42 posts in 516 days


05-01-2017 03:58 PM

Topic tags/keywords: crosscut sled kreg incra sawstop microjig binding bind runners miter slots

Hey Guys, first off, this is kind of a long read (sorry for that) but i wanted to put in all of the detail to avoid suggestions of things i have already tried. I have a new sawstop PCS 3HP 52” table saw which is replacing my Bosch jobsite saw. Big upgrade for me. I was pretty excited. I have since started rebuilding some of the sleds i used to have and I wanted to take advantage of the larger table top. The crosscut sled I am working on is 40” wide by 28” deep which after attaching a 1.5” front and back fence will allow me to crosscut a 25” wide panel. It is made of 3/4” baltic birch. MY ISSUE IS THE RUNNERS BINDING. I tried several different products thinking i’d return what i didn’t use in the end. Here is what I have tried so far:

1) 2 x Kreg 30” aluminum miter bars. I followed the instructions and set them to the width of the slots after elevating them to the level they would be when they are attached to the sled (with spacers). They rode fine in the slots individually. I then used CA glue and laid the plywood on top and let it dry. Flipped it over and ran the supplied wood screws in through the runners and into the plywood. I tried it on the sawstop and it binds. If i remove the front (farthest away from the sled operator) 2 screws on both runners, it doesnt bind as bad but still not as good as i would expect it to run. I thought that maybe the tapered head screws were slightly moving the runners as i attached them (even though i pre-drilled with a vix bit) so i went onto step 2 to see if it would help.

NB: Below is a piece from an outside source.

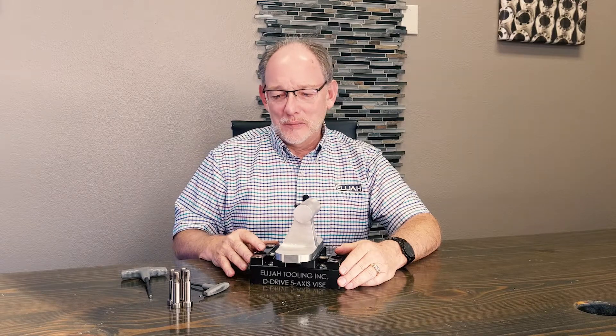Hey guys, it's Rick, Elijah Tooling. Give me two, I'll make it worth your while. Today I'm going to be talking about the D Drive modular five axis vice and we're going to be going through some features, so stick with me.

2) Incra Steel Miter Slider SE 25.5”
https://www.amazon.com/INCRA-IMS2SE-Slider-25-5-Inch-Special/dp/B002GU68DA
These things are stupid expensive but the reason i decided to try them was because my incra miter gauge uses a shorter version of this and it works well on this saw. Also I thought I’d be able to avoid the possible “taper screw issue” from the kreg runners by attaching these from the top using a slightly oversized hole in the sled and a flat bottomed machine screw. This test didnt even get off the ground. I was unable to get the runners to even slide in the slots by themselves. These runners have 3 points of contact with the miter slots. I’d get 2 of them in and moving nicely but as soon as the 3rd one would begin to enter the miter slot, the black (fixed) nylon disc would immediately bind. I was unable to get even the runner by itself to run nicely. On to my 3rd try.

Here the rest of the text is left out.